● **Data extract**
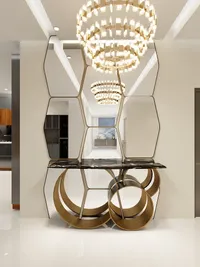 Luxury entryway featuring hexagonal wall mirror gold console table with marble top and ceiling light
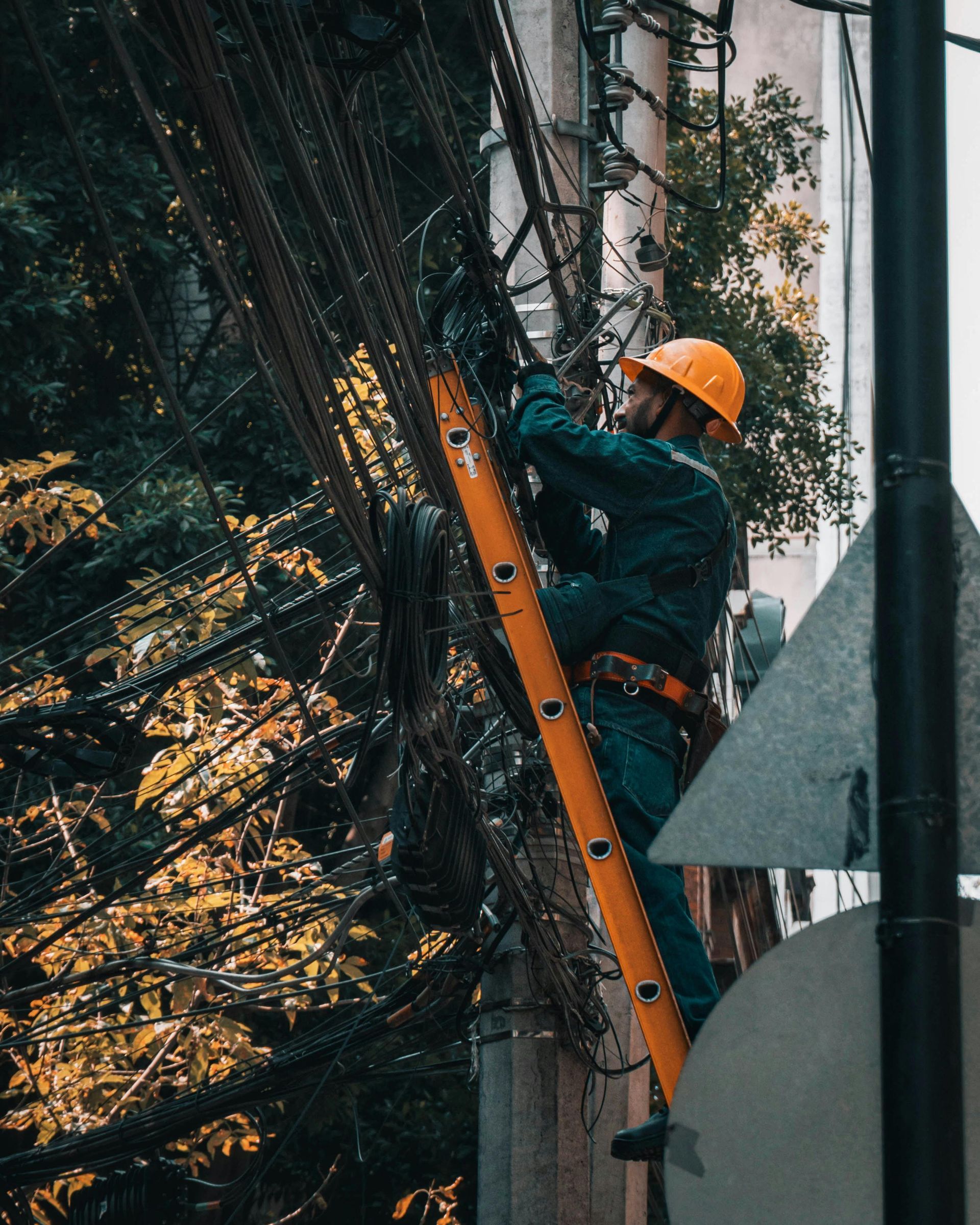 Electrician in an orange hard hat on a ladder, working on power lines attached to a utility pole.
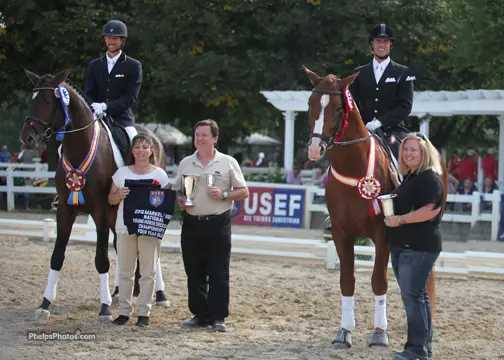 Photo:  Left to Right. Michael Bragdell on Hemmingway, Owners Theresa Schnnell and Bob Jackson, Chris Hickey on Oredit Hiltop, and Natalie DiBerardinis is General Manager of Hilltop. The two stallions win Champion and reserve at the 2012 Markel/USEF National Young Horse Championship for 4-year-olds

● **Exercise aim**
Please reproduce the whole listing exactly; the pictures stay out.

● **Reply**
 Luxury entryway featuring hexagonal wall mirror gold console table with marble top and ceiling light
 Electrician in an orange hard hat on a ladder, working on power lines attached to a utility pole.
 Photo:  Left to Right. Michael Bragdell on Hemmingway, Owners Theresa Schnnell and Bob Jackson, Chris Hickey on Oredit Hiltop, and Natalie DiBerardinis is General Manager of Hilltop. The two stallions win Champion and reserve at the 2012 Markel/USEF National Young Horse Championship for 4-year-olds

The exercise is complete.